Jibril is a young wise man who early on figured out the ins and outs of life. Whatever the subject - be it mathematics, philosophy, statecraft, spirituality, art, or matters of the heart; ask him any question or for guidance and he can give you fair and logical counsel. All in all, most people respect him. Elders in his community often remark on how giving and mature his soul is. This all changed when things began to go sour with his girlfriend. It was she who opened his heart and expanded the reaches of his mind. Her name is Tya, and everything about her is marked with class. Even when she would be provoked by girls in her neighborhood who disliked her for whatever reason, she handled her conflicts with grace. The phrase, “Floats like a butterfly stings like a bee” was surely wrongly attributed to the Brother Muhammad Ali. Tya was a force of her own that even Jibril’s grasp of the metaphysical and quantum could not maintain.
One day Tya’s love ran thin. Old Miss Elisha - the widowed, nosy, perpetually eavesdropping old lady who always seemed to be wherever drama was present - said she overheard the altercation from her parked Cadillac outside of the grocery store where Jibril could often be spotted reading and holding counsel with people around the way:
Tya had stopped by the store to pick up some pasta and wine that she was preparing for the two of them to eat later. Upon leaving, she saw Jibril, who was wearing the khufi she despised (because she always thought his “Muslim look” was some facade) and talking to a “stacked” young lady named Tisha. “Ya’ see, girl… It was written in the stars that the moon would align with this constellation (pointing up into the early-evening sky) to mark the magnificence of Allah. Mark these words, time will reveal.” Tya, seeing and overhearing this stomps over to Jibril and burst the wine on the concrete by his feet, “Time has revealed that you are a pretentious sucka with a skewed perspective of what this world is all about. It ain’t about this knowledge you think you have, nor your ego, nor this stupid khufi you have on.” She snatches his khufi off his head and throws it on the ground where a puddle of wine has formed.
Jibril follows her, confused, trying to figure out what has upset Tya, “Whoa! What’s this about? Should I get you some flowers? Read you a poem?

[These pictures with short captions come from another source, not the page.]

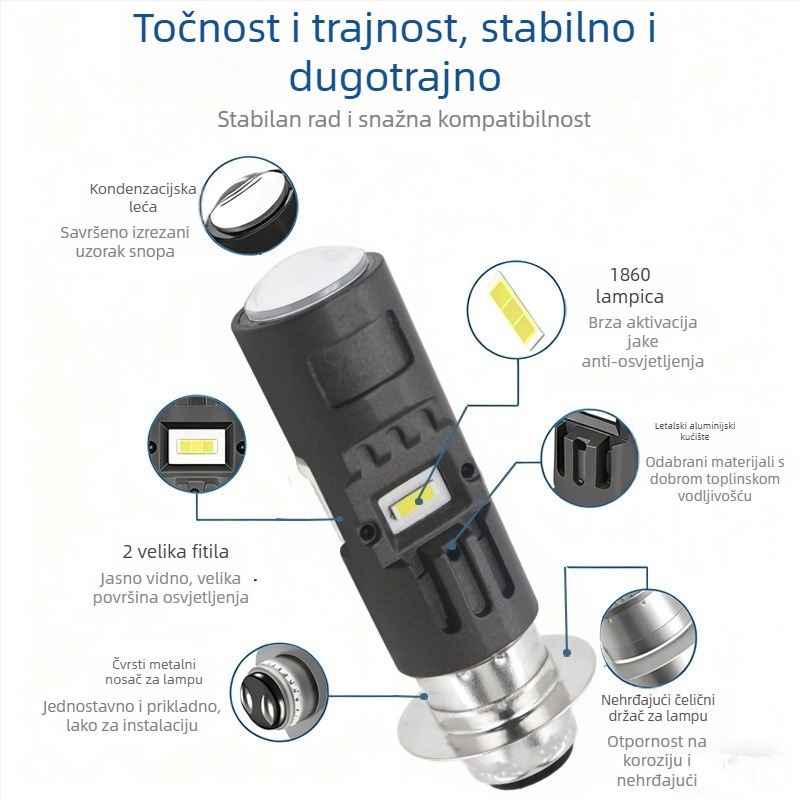 Motociklističko LED spot svjetlo prednje svjetlo s lećom H4/BA20D/P15D, 15W, 1500LM, 12-80V, 1860LED izvor svjetla, kućište od avionskog aluminija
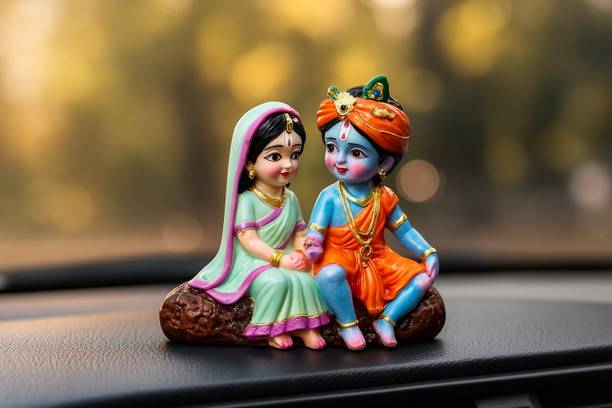 Soft Touch Decor Divine Radha Krishna Idol for Home, Office & Car Dashboard Decorative Showpiece  -  9 cm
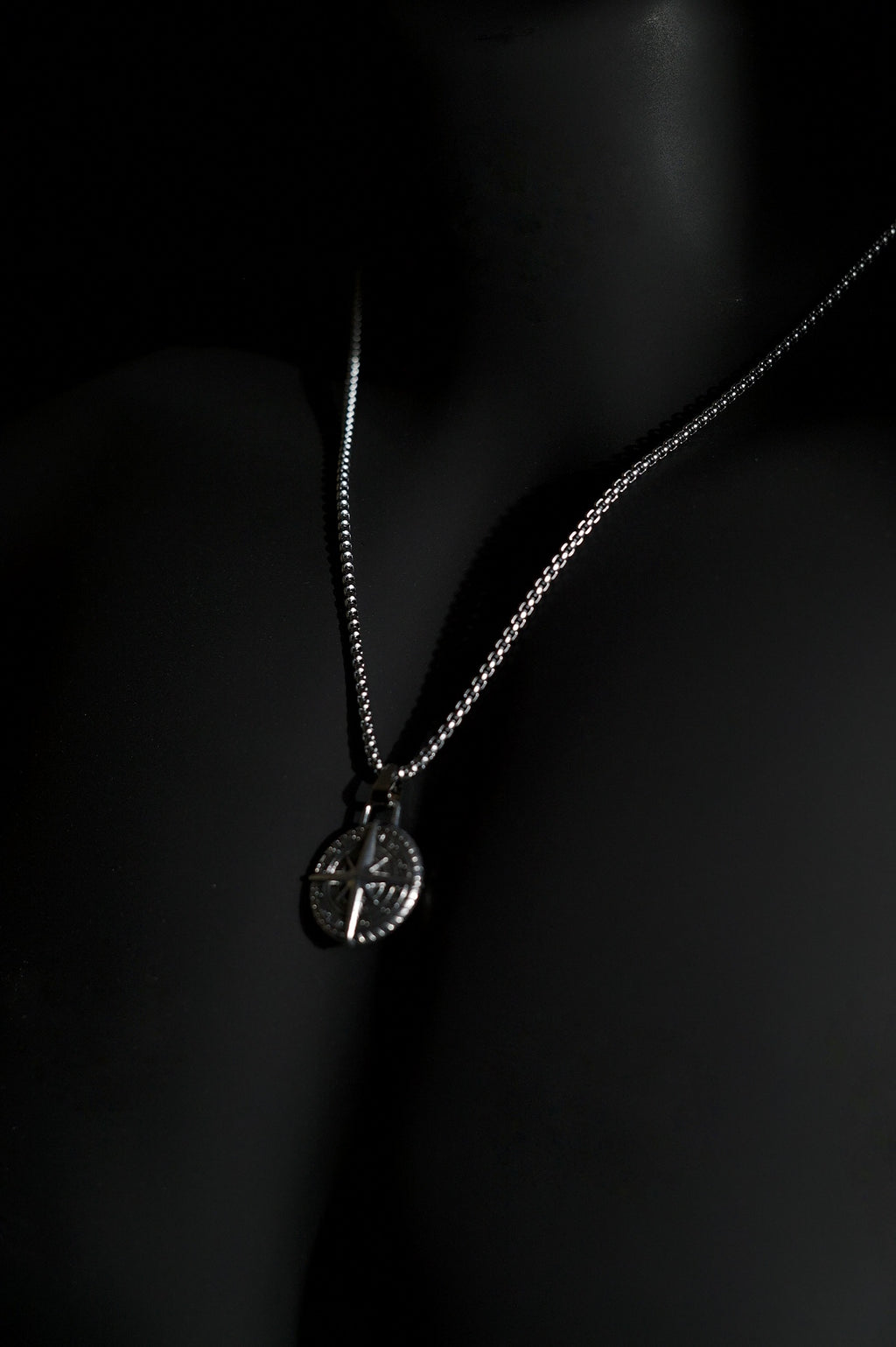 Necklace | Compass Pendant | Men & Women | Anti-tarnish Stainless Steel | Silver Finish | Gothic Adventure Style | Statement Jewellery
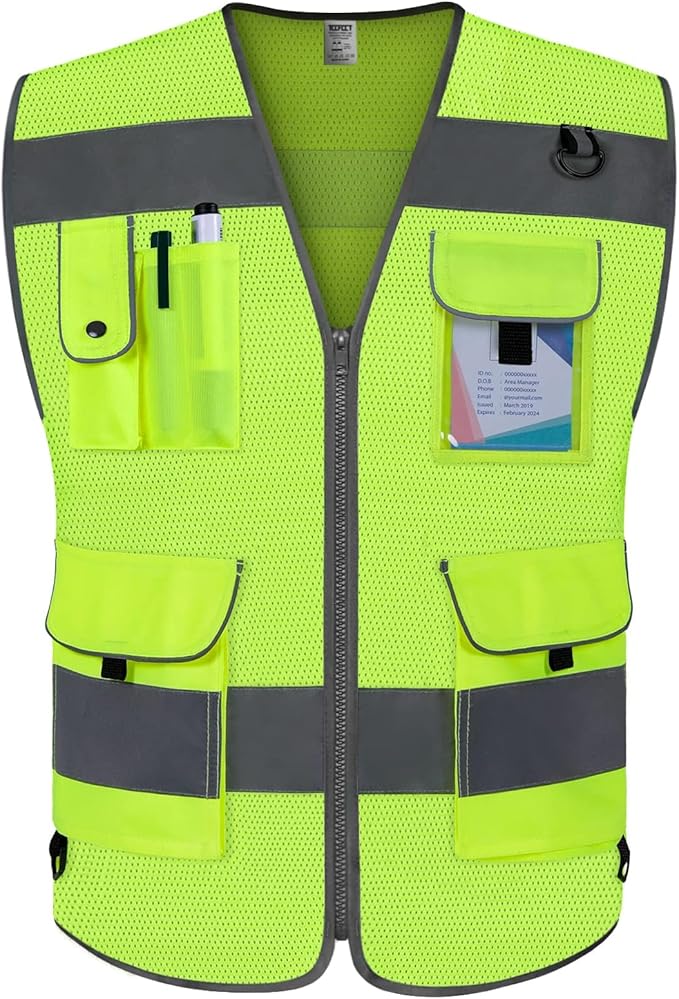 TCCFCCT Mesh High Visibility Safety Vest for Men Women 9 Pockets Hi Vis Reflective Vest for Safety, Work Vest with Reflective Strips, Meets ANSI/ISEA Standards, (Yellow, 4X-Large)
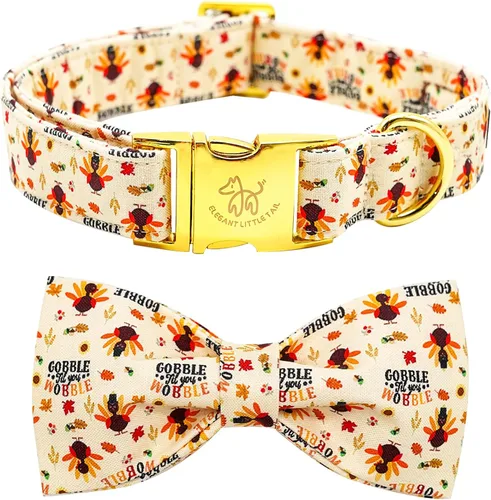 Vista 19 de Elegant little tail Collar de perro de Halloween, collares de perro de otoño naranja calabaza collar de mascota festivo collar de corbatín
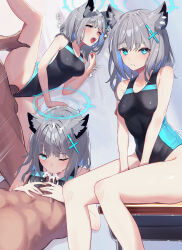 Rule 34 | 1boy, 1girl, animal ear fluff, animal ears, bare arms, bare legs, bare shoulders, black one-piece swimsuit, blue archive, blue eyes, blue halo, breasts, collarbone, competition swimsuit, cross hair ornament, cum, e buki, fellatio, grey hair, hair ornament, halo, hetero, highres, md5 mismatch, medium breasts, medium hair, one-piece swimsuit, oral, paid reward available, penis, sex, shiroko (blue archive), shiroko (swimsuit) (blue archive), swimsuit, wolf ears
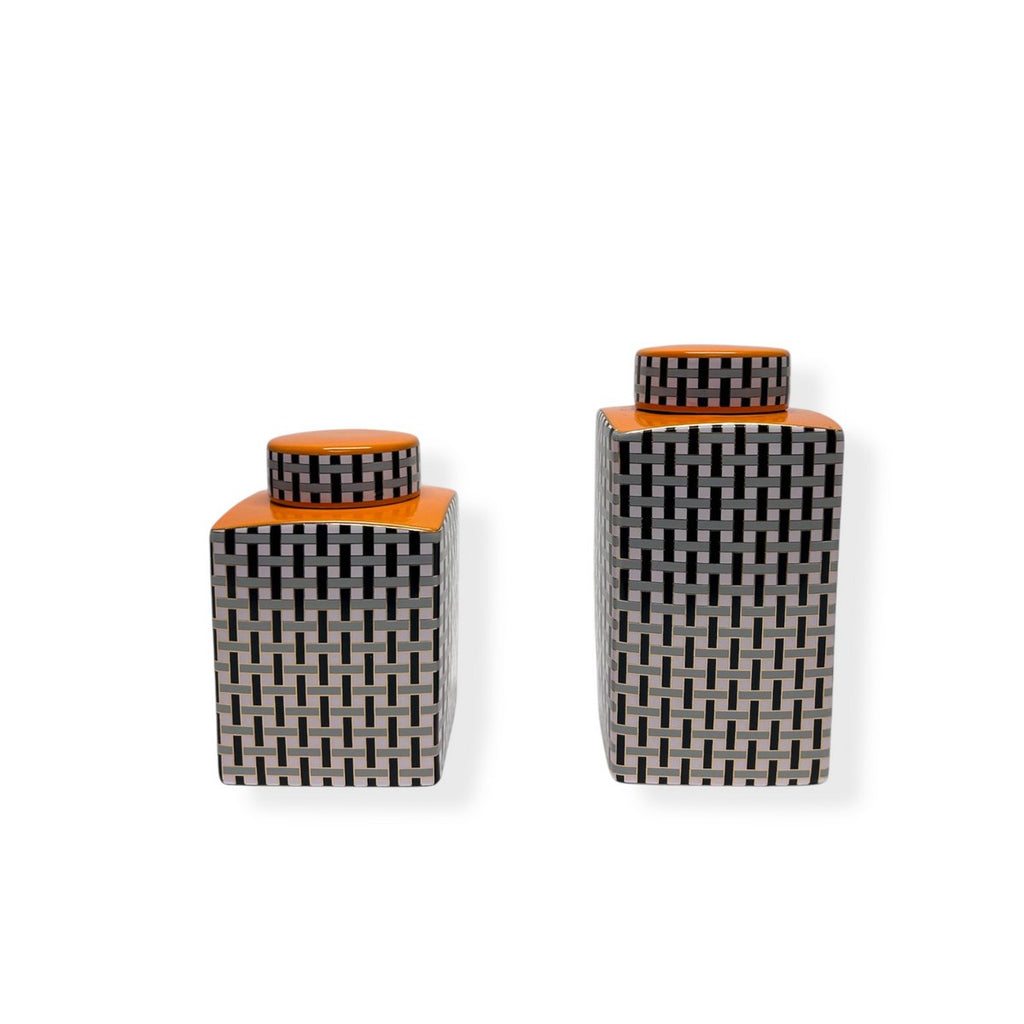 Oranje busje met deksel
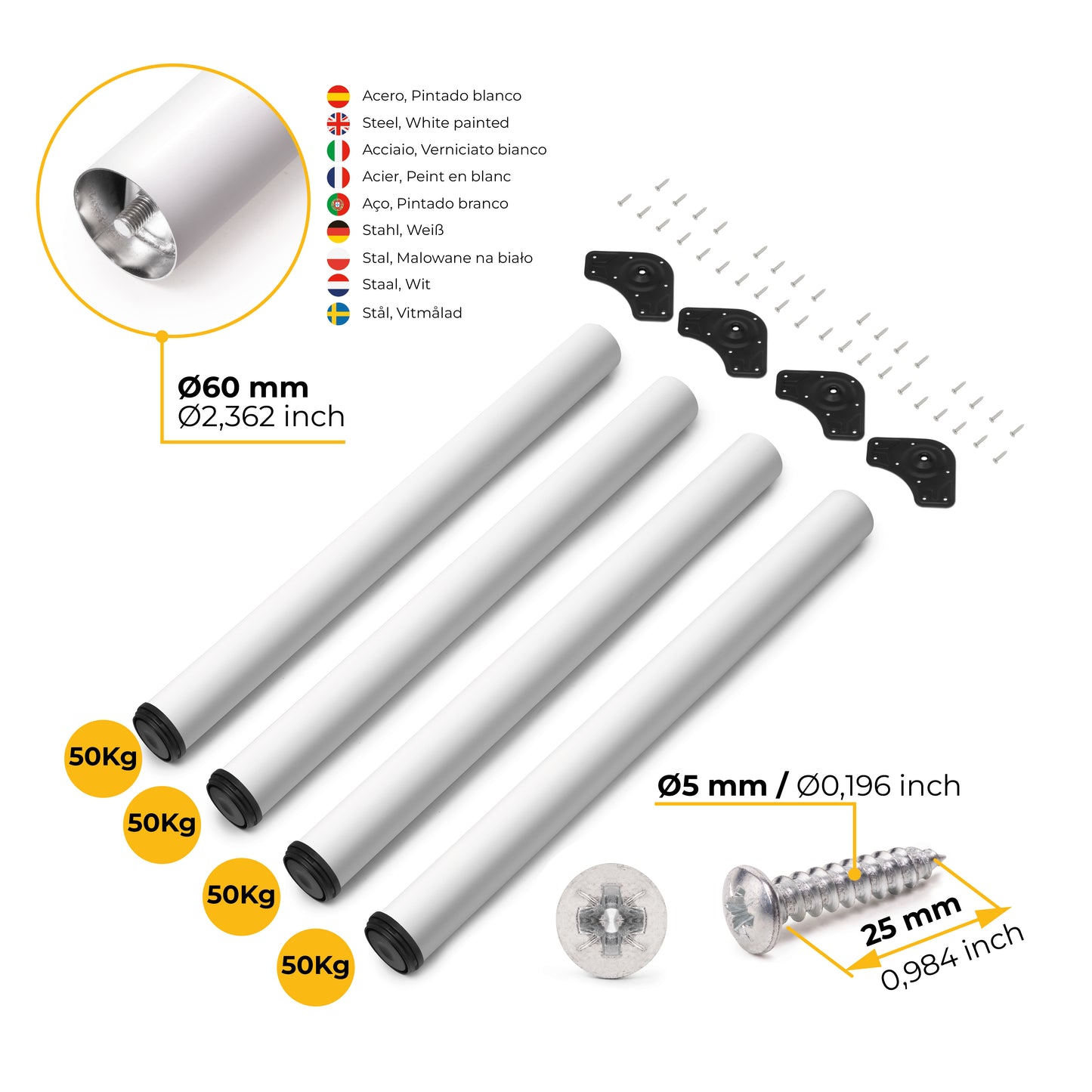 Emuca Lotto di 4 gambe per tavolo, diametro 60mm, H 830mm, Acciaio, Verniciato bianco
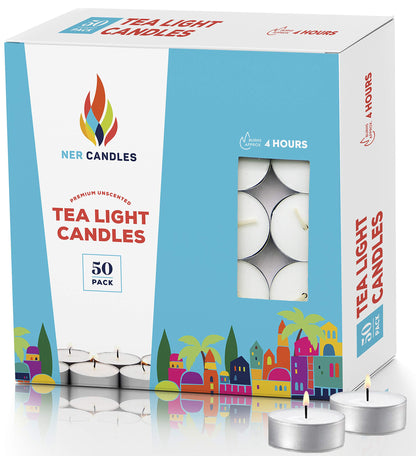 50 Unscented Tea Lights Candles White, Smokeless, Dripless & Long Lasting Paraffin Small Votive Mini Tealight Candle for Home, Pool, Shabbat, Weddings & Emergencies (50-Pack)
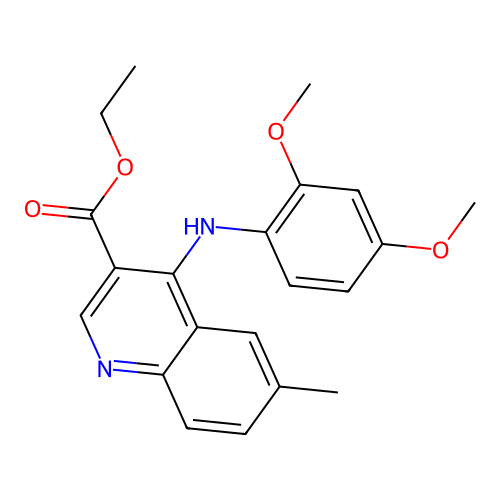 Ethyl 4-[(2,4-dimethoxyphenyl)amino]-6-methylquinoline-3-carboxylate structure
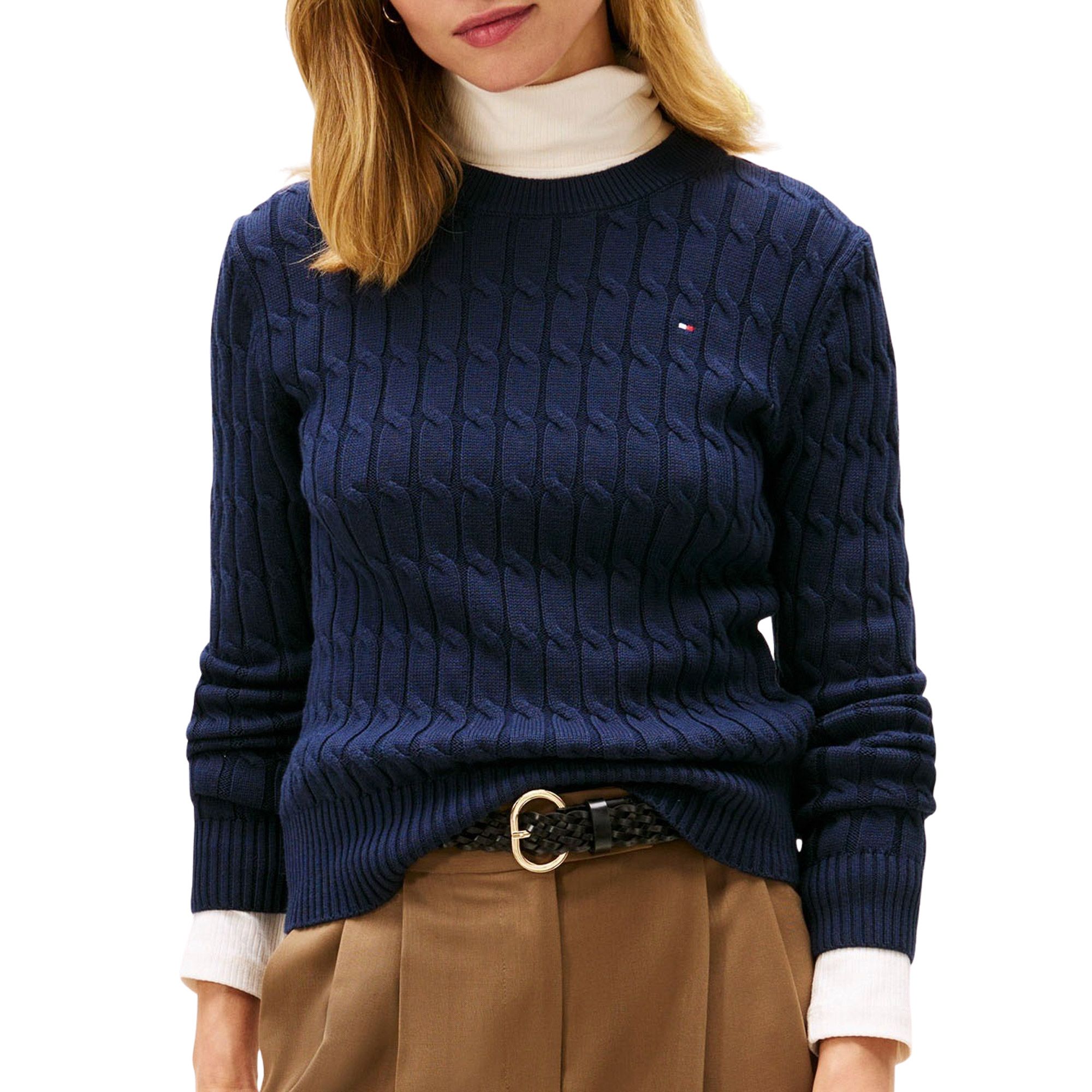 Tommy Hilfiger Co Cable Crew Sweater Dames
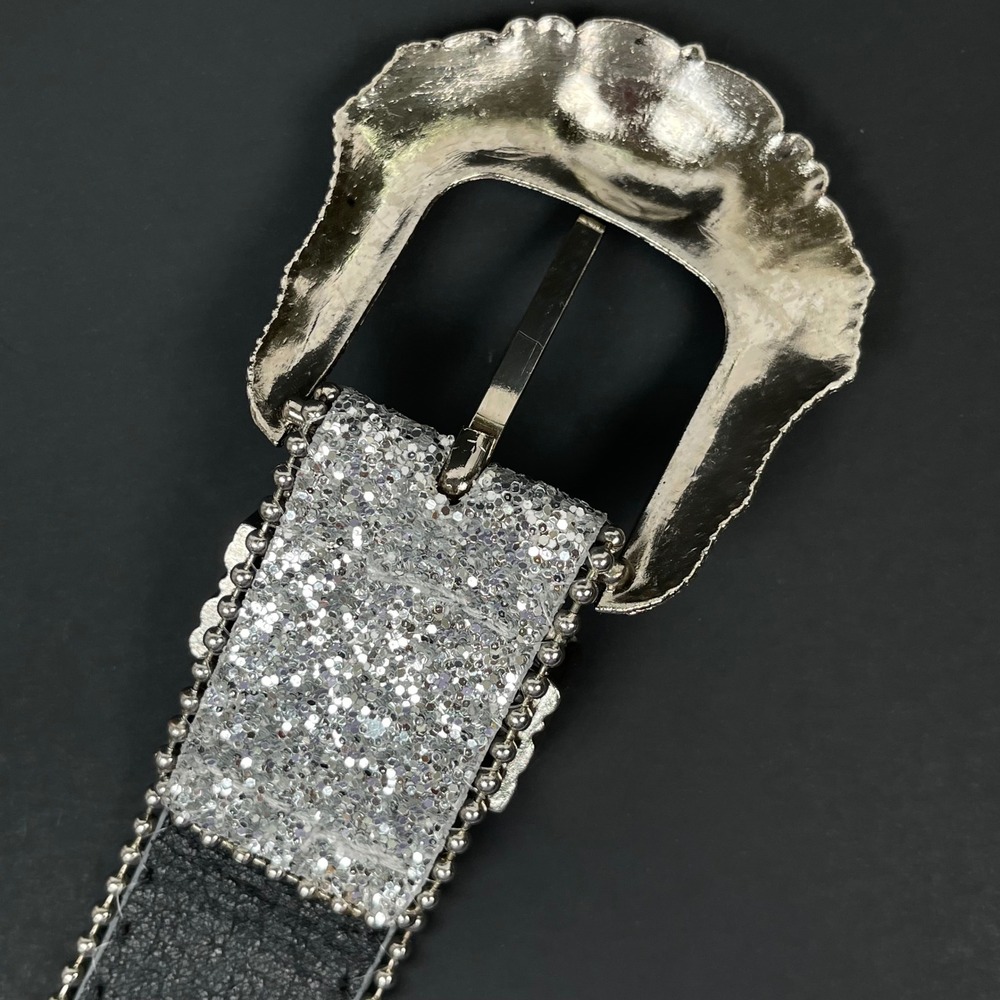 Vintage Rhinestone Western Belt Womens 30/32 Silver Studded Floral Buckle Rodeo - Picture 6 of 10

Show you this sculpture I molded for you? Let you hear this rap I wrote for you? Reveal to you this movie I made dedicated to you? This painting I painted for you? Tya-Tya-Tya! What can I do?”
Tya looks at him with a look of disgust, disappointment, and annoyance. “One day you’ll learn. It’s best if I not even say, because you’re so full of yourself that you’ll never get it if I continue to waste my time.”
“Yeah, and she just walked off while taking off the necklace, ring, and earrings Jibril bought for her, leaving him with a broken bottle of Moscato soaking his jeans,” said Old Miss Elisha.